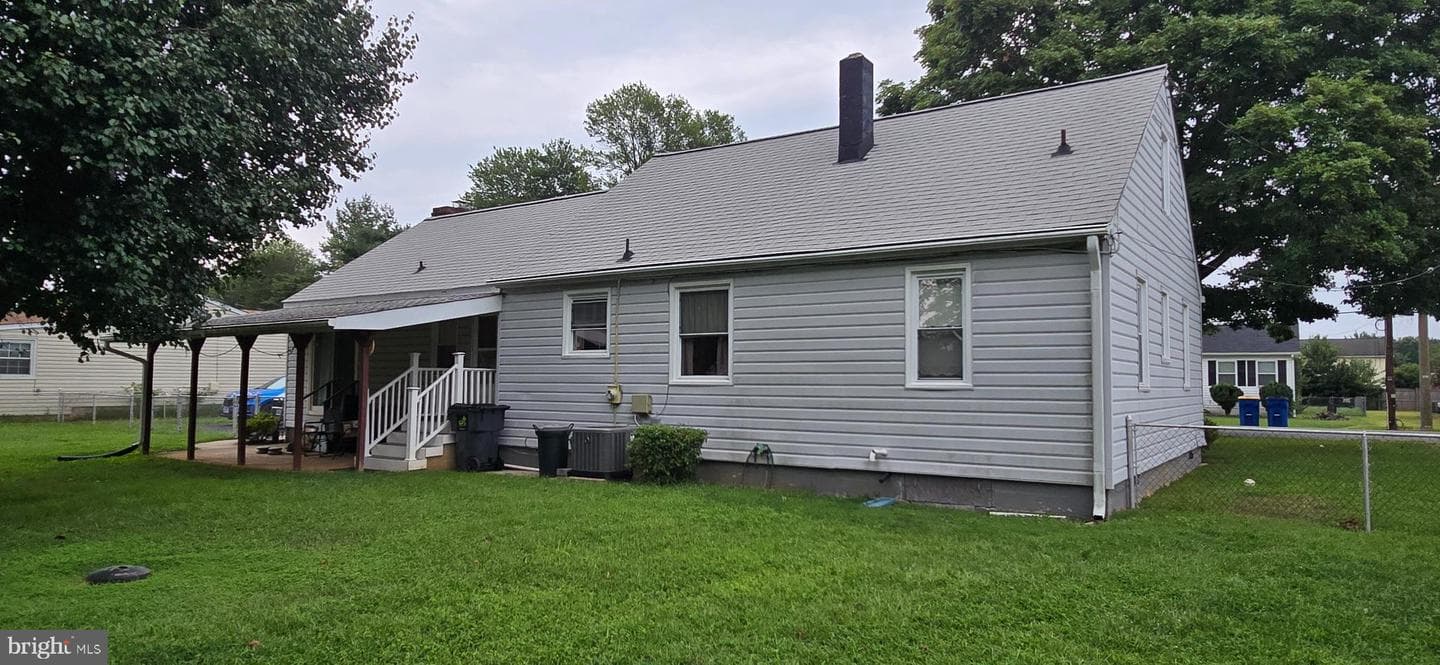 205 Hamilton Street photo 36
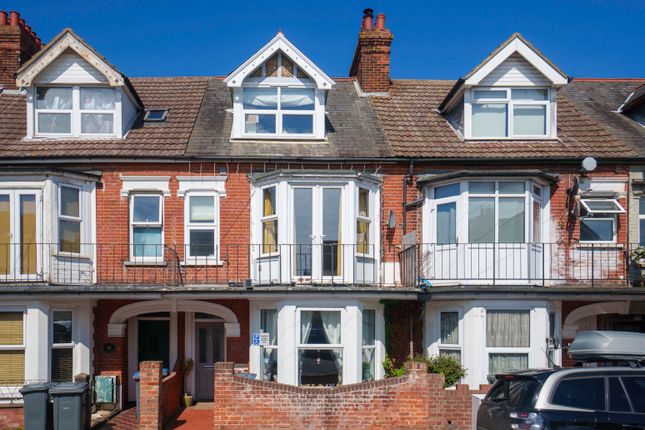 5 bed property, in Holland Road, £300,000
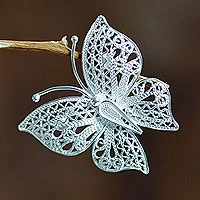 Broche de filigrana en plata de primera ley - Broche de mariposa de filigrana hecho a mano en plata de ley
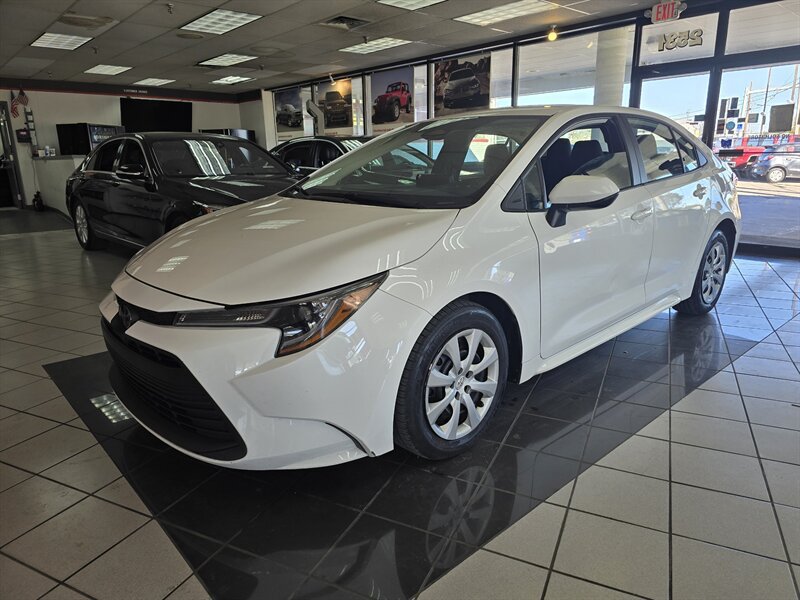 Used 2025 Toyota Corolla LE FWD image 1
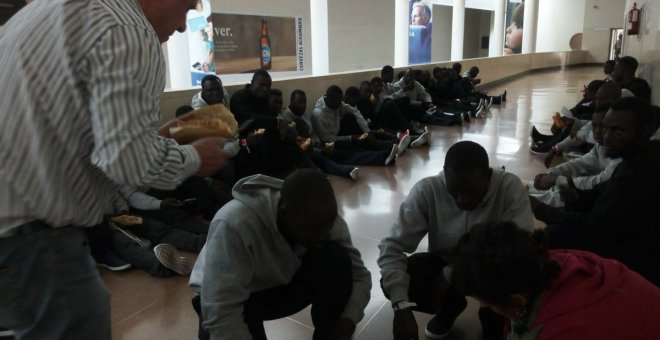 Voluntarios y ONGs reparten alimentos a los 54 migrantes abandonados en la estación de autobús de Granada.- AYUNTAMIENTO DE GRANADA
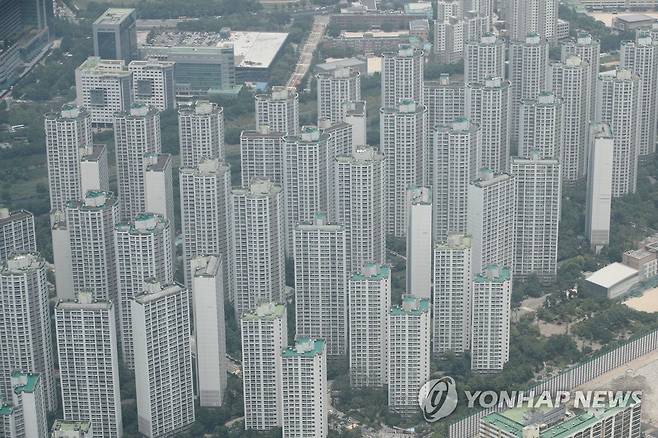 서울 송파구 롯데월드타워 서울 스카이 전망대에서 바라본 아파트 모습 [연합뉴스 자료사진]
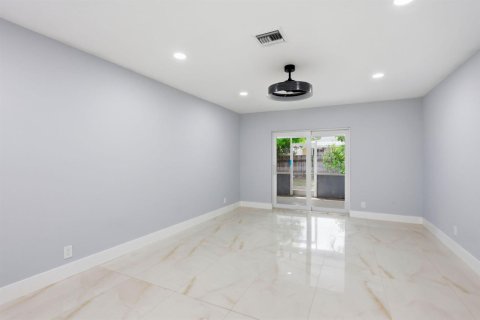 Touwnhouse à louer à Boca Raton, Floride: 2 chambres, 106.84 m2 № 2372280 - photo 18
******
# What is needed
Copy the records exactly. Skip the pictures.

# Result below
 205 Hamilton Street photo 36
 5 bed property, in Holland Road, £300,000
 Broche de filigrana en plata de primera ley - Broche de mariposa de filigrana hecho a mano en plata de ley
 Used 2025 Toyota Corolla LE FWD image 1
 Voluntarios y ONGs reparten alimentos a los 54 migrantes abandonados en la estación de autobús de Granada.- AYUNTAMIENTO DE GRANADA
 서울 송파구 롯데월드타워 서울 스카이 전망대에서 바라본 아파트 모습 [연합뉴스 자료사진]
 Touwnhouse à louer à Boca Raton, Floride: 2 chambres, 106.84 m2 № 2372280 - photo 18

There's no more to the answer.